Naughton ("HVAC Systems… Part 1," 1990) discusses the choice of filter fans.
For many small FFUs with motor sizes less than 1 hp (0.75 kW) and in-line centrifugal forward-curved fans, the total efficiency drops to 50% or less. An 85% mechanically efficient, direct-drive vane-axial fan has a motor efficiency of 94% and total efficiency of (0.85 x 0.94) x 100% = 79.9%.

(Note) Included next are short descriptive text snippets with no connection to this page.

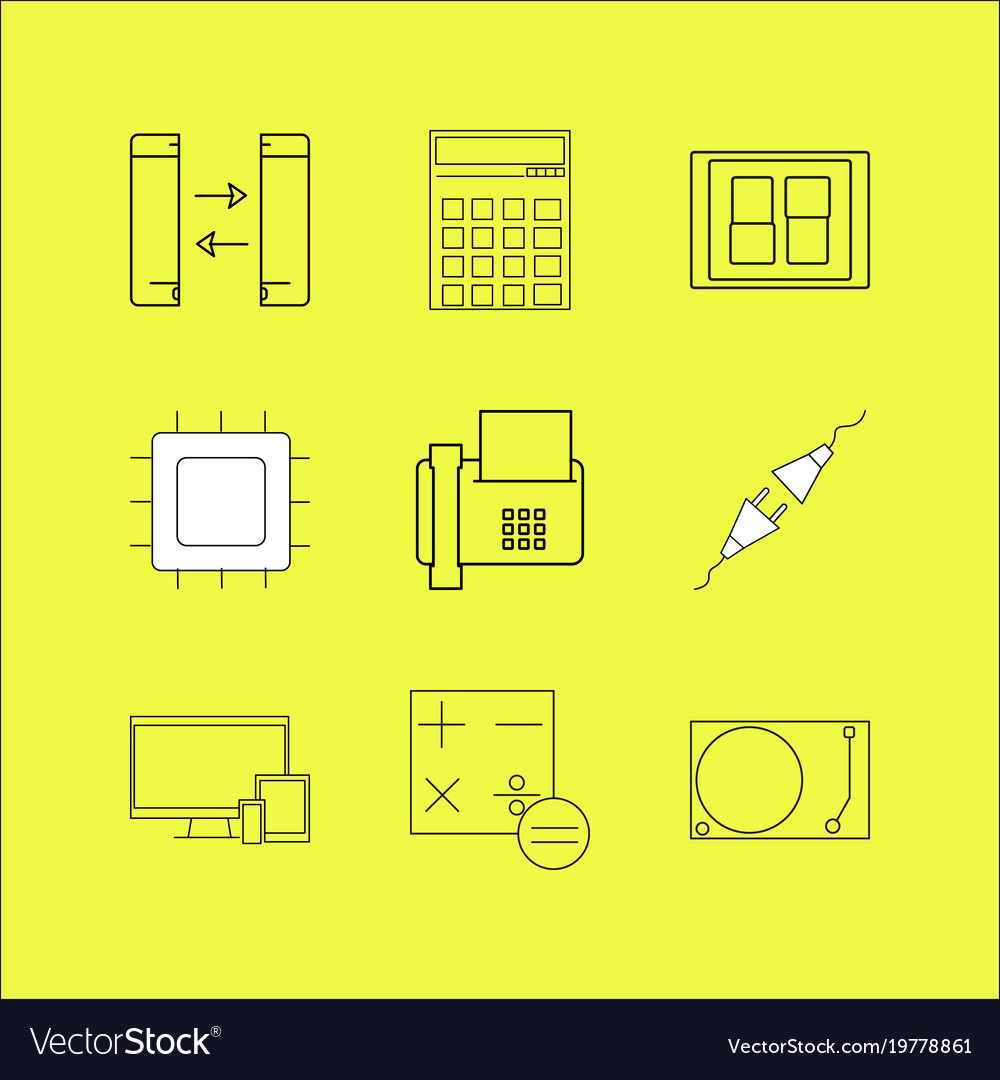 Devices linear icon set simple outline icons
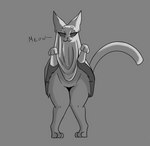 anthro big_butt butt clothed clothing female fur looking_at_viewer nude simple_background smile solo white_background archerteamr_artist ghost_(archerteamr) domestic_cat felid feline felis mammal digital_media_(artwork) monochrome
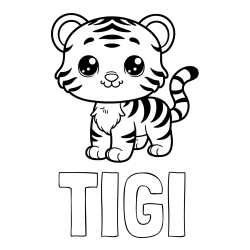 Online izdelana pobarvanka - Pobarvanka imena TIGI in pobarvanka ljubkega tigrčka
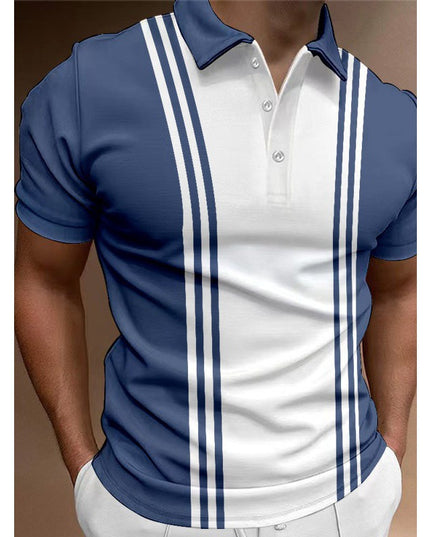 Casual 3 Button Printing Lapel Casual Men's T-shirt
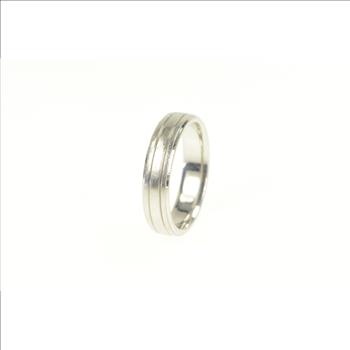 Platinum 5.0mm Grooved Simple Wedding Band Ring, Size 8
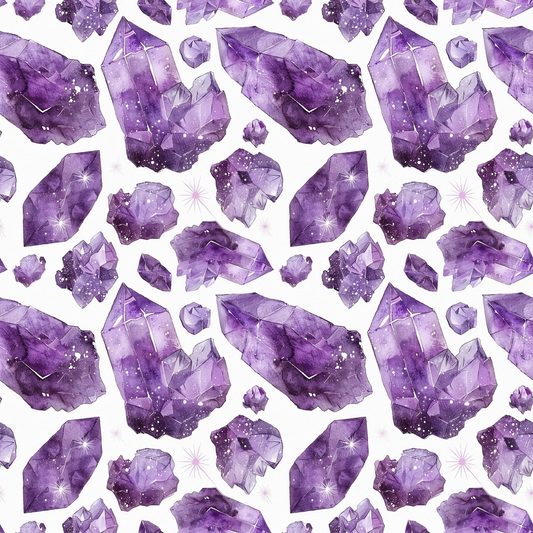 Amethyst Gemstones Pattern 10 Quilting Cotton Fabric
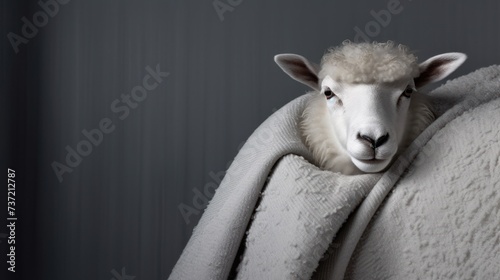 a close up of a sheep with a blanket on it s back and it s head peeking out from behind a blanket.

Compare this with an FFU operating at 1.5 in. WC [W.G.] (373.5 Pa) of static pressure, 55% mechanical efficiency, 70% motor efficiency, and total efficiency of (0.55 x 0.70) x 100% = 38.5%. The total efficiency ratio of 79.9% over 38.5%, or 2.07, means the large fan system must have 2.07 times higher static pressure, or 2.07 x 1.5 inc. - 3.11 inc. WC [W.G.] (775.1 Pa), in order to use the same amount of energy as the FFU system. Therefore, when one considers the higher maintenance costs and shorter equipment life of the FFU, the lower static pressure FFU may not be as attractive a choice as the large centralized vane-axial fan system. The energy trade-off in reduced efficiency can also be seen when comparing other fan choices.